**WHAT THIS TASK INVOLVES**
Below are records; from the line containing "Boolean: default value" through the very last line, output each line exactly. No pictures.

**Items listed in a dataset**
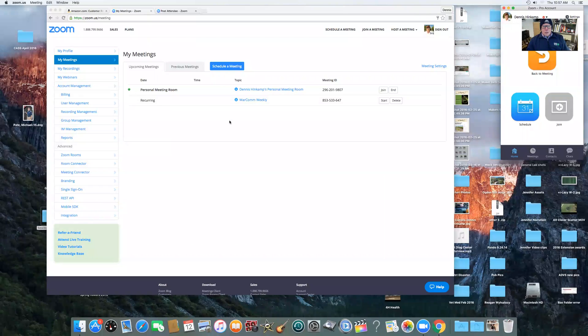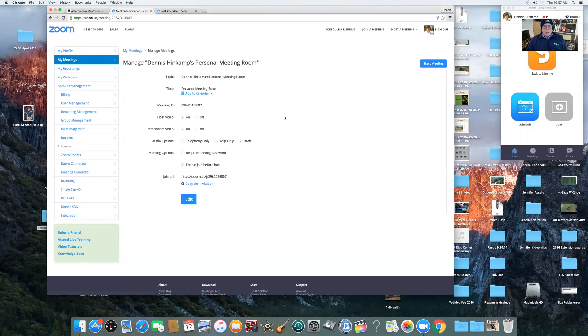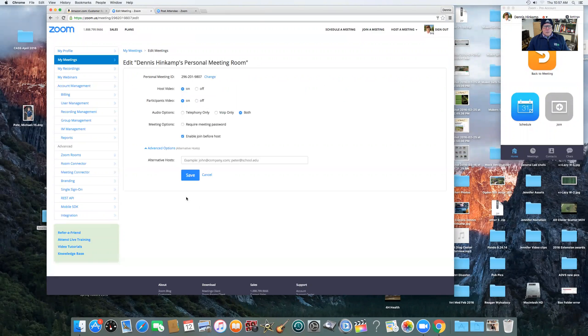So what you can do — and I'm sharing my screen right now, which is another thing that's useful in Zoom — is go to your meetings, open your meeting, and then you have these options. To change the options, you have to first hit Edit. Then you can change them. The one that you want to change here is Enable Join Before Host.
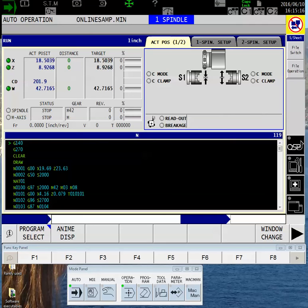Hello Okuma fans, this is Charlie with the Gossiker applications team on the West Coast. Today's class is on how to see three-dimensional graphics on your OSP P300L lathe control.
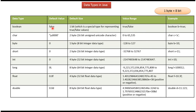Boolean: default value is false, it is 1 bit, and possible values are true or false. Here you can see the example.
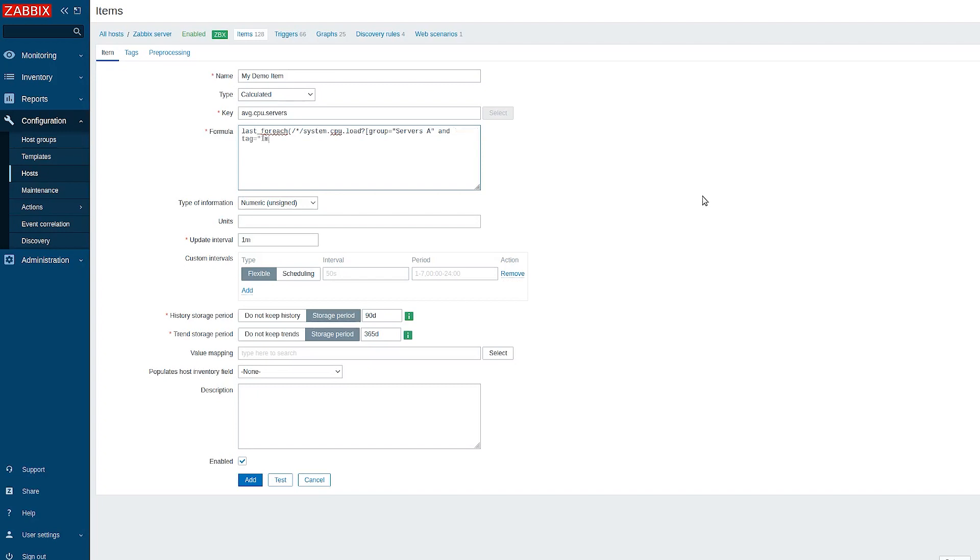Now my filter includes only hosts that have an item system.cpu.load if they belong to the host group servers A and have a tag importance with value high. Make sure to close all the open brackets.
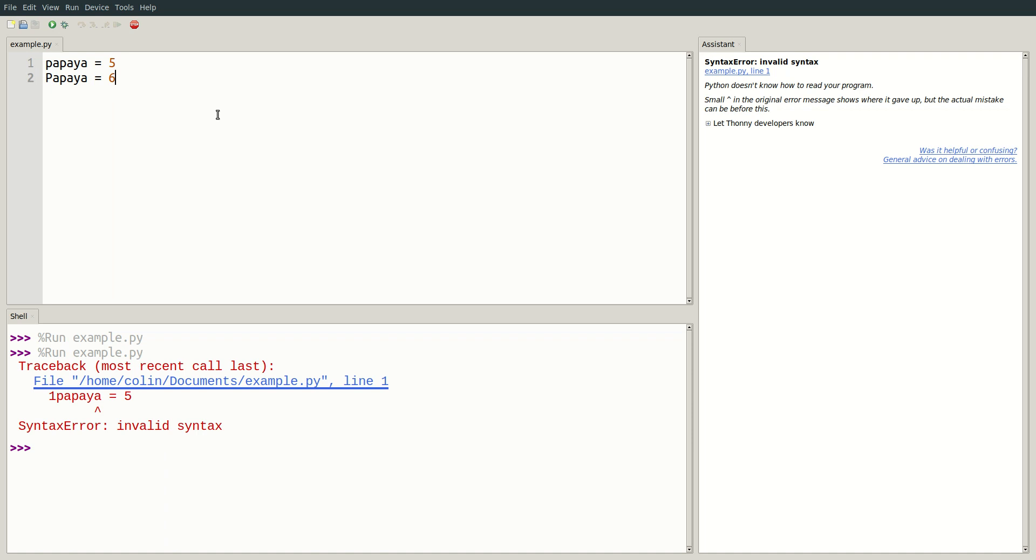In the upcoming sections, we will learn how to output the value of these variables to the user and how to use them to create more complex programs.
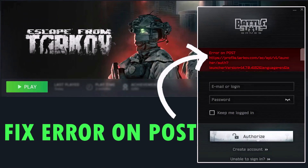Hello guys, welcome back to my YouTube channel. In this video tutorial I will show you how to fix the error on post in Escape from Tarkov. So if you are getting this error in Escape from Tarkov, then here follow the fixes.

**RESPONSE TO THE TASK**
Boolean: default value is false, it is 1 bit, and possible values are true or false. Here you can see the example.
Now my filter includes only hosts that have an item system.cpu.load if they belong to the host group servers A and have a tag importance with value high. Make sure to close all the open brackets.
In the upcoming sections, we will learn how to output the value of these variables to the user and how to use them to create more complex programs.
Hello guys, welcome back to my YouTube channel. In this video tutorial I will show you how to fix the error on post in Escape from Tarkov. So if you are getting this error in Escape from Tarkov, then here follow the fixes.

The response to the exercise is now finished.